RECORDS TO USE:

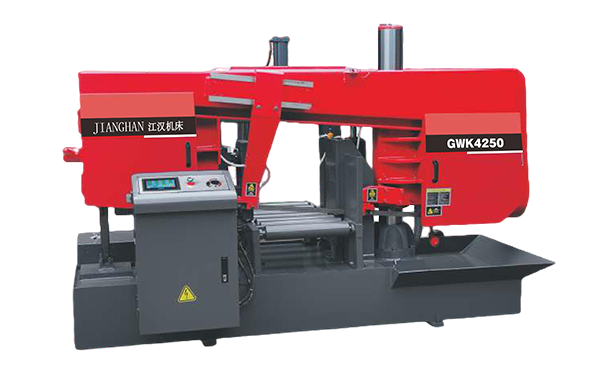 东宝GWK4250卧式带锯床（型材专切）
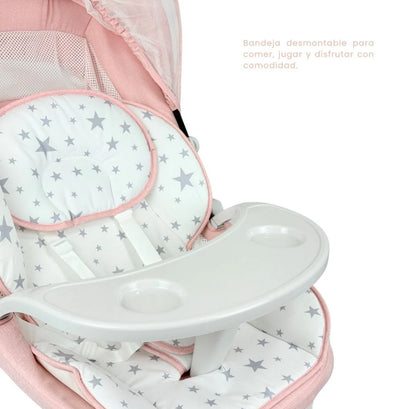 Silla Mecedora Electrica Con Bandeja y Control Remoto Maxibaby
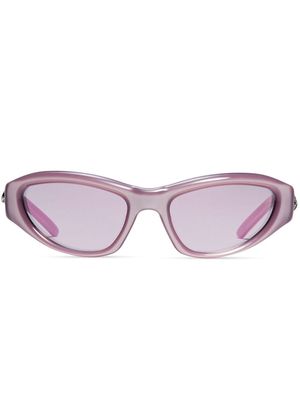 Gentle Monster biker-style frame sunglasses - Pink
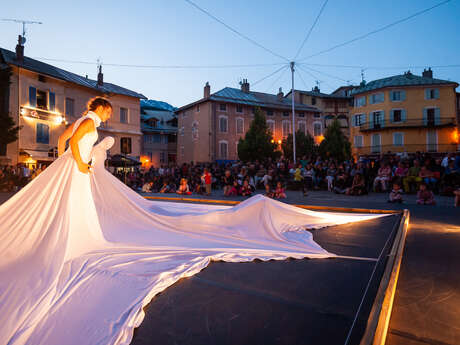 FESTIVAL Scènes ouvertes de danse à Embrun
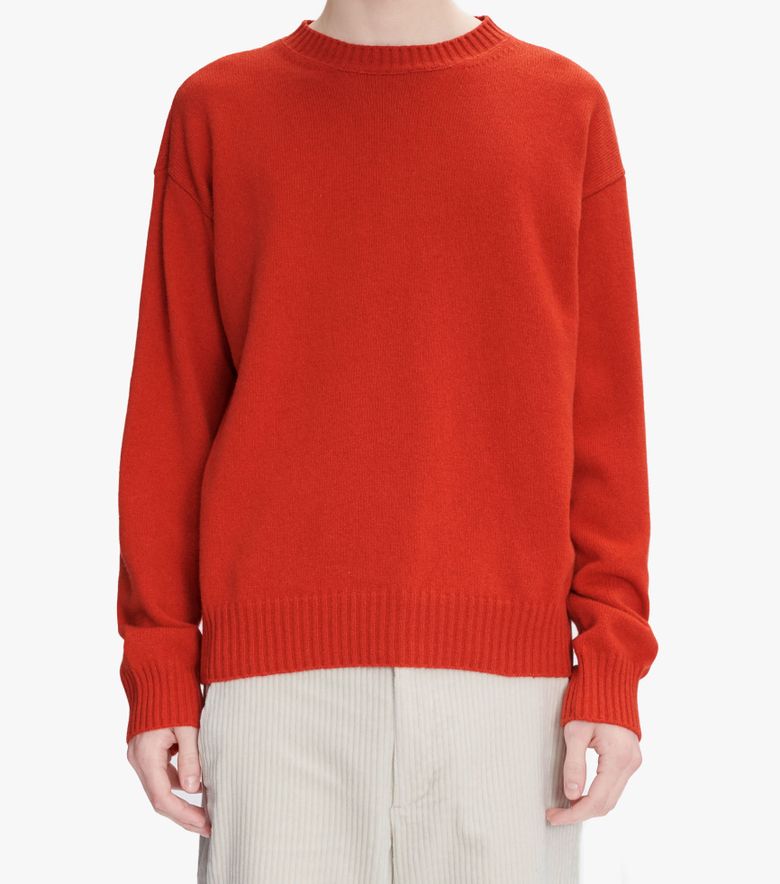 A.P.C. Pull Marcel Rouge Vermillon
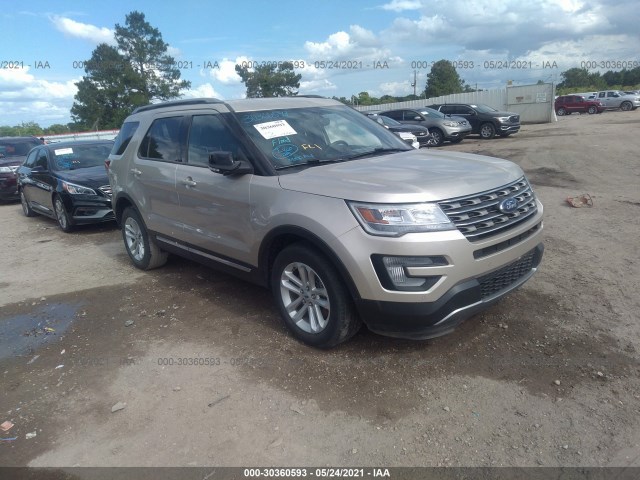 FORD EXPLORER 2017 1fm5k7d89hgd38634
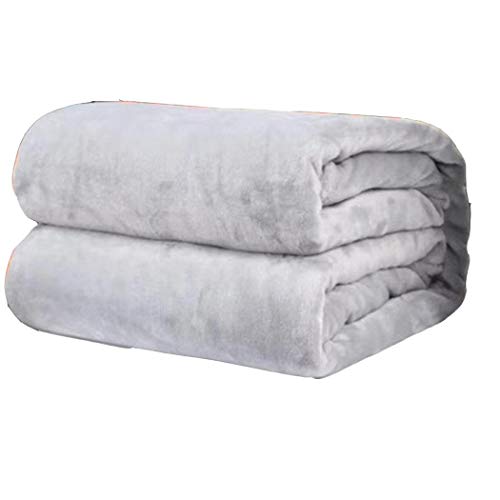 Product Cover Dethler Solid Soft Sofa Bed Living Room Bedroom Multi-Function Blanket Throws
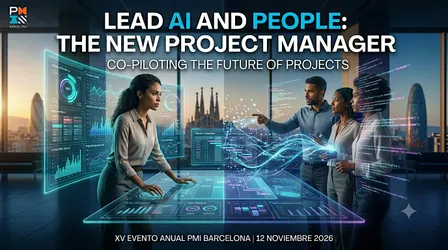 EVENTO ANUAL PMI-BCN 2026 - PRESENCIAL, Jueves, 12/11/2026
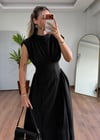 Vera Siyah Elbise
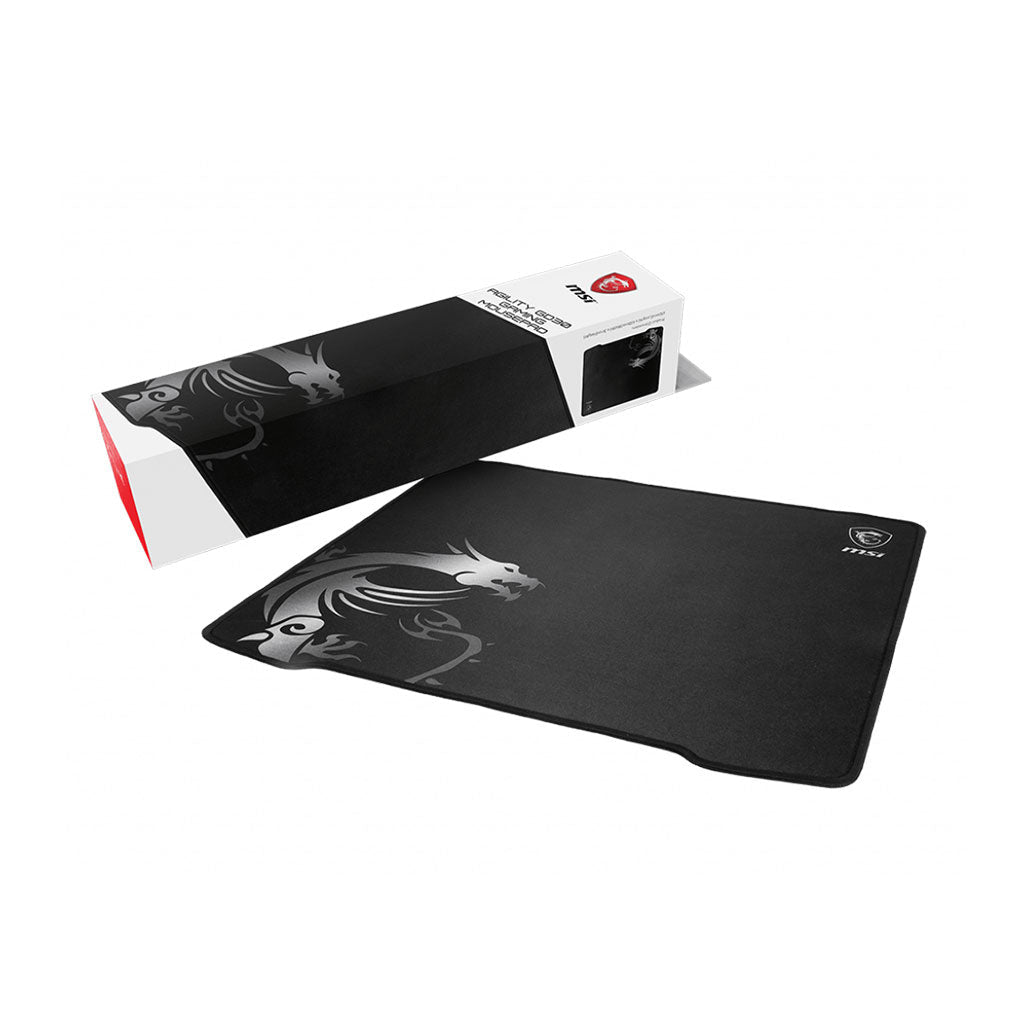 A Photo Of MSI Agility GD30 Gaming MousePad | Silky Smooth Surface & Anti-Slip Base for Precision Control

INSTRUCTIONS TO FOLLOW: Extract the full listing above verbatim; pictures are to be left out of the copy.

TASK SOLUTION:
 东宝GWK4250卧式带锯床（型材专切）
 Silla Mecedora Electrica Con Bandeja y Control Remoto Maxibaby
 Gentle Monster biker-style frame sunglasses - Pink
 FESTIVAL Scènes ouvertes de danse à Embrun
 A.P.C. Pull Marcel Rouge Vermillon
 FORD EXPLORER 2017 1fm5k7d89hgd38634
 Product Cover Dethler Solid Soft Sofa Bed Living Room Bedroom Multi-Function Blanket Throws
 EVENTO ANUAL PMI-BCN 2026 - PRESENCIAL, Jueves, 12/11/2026
 Vera Siyah Elbise
 A Photo Of MSI Agility GD30 Gaming MousePad | Silky Smooth Surface & Anti-Slip Base for Precision Control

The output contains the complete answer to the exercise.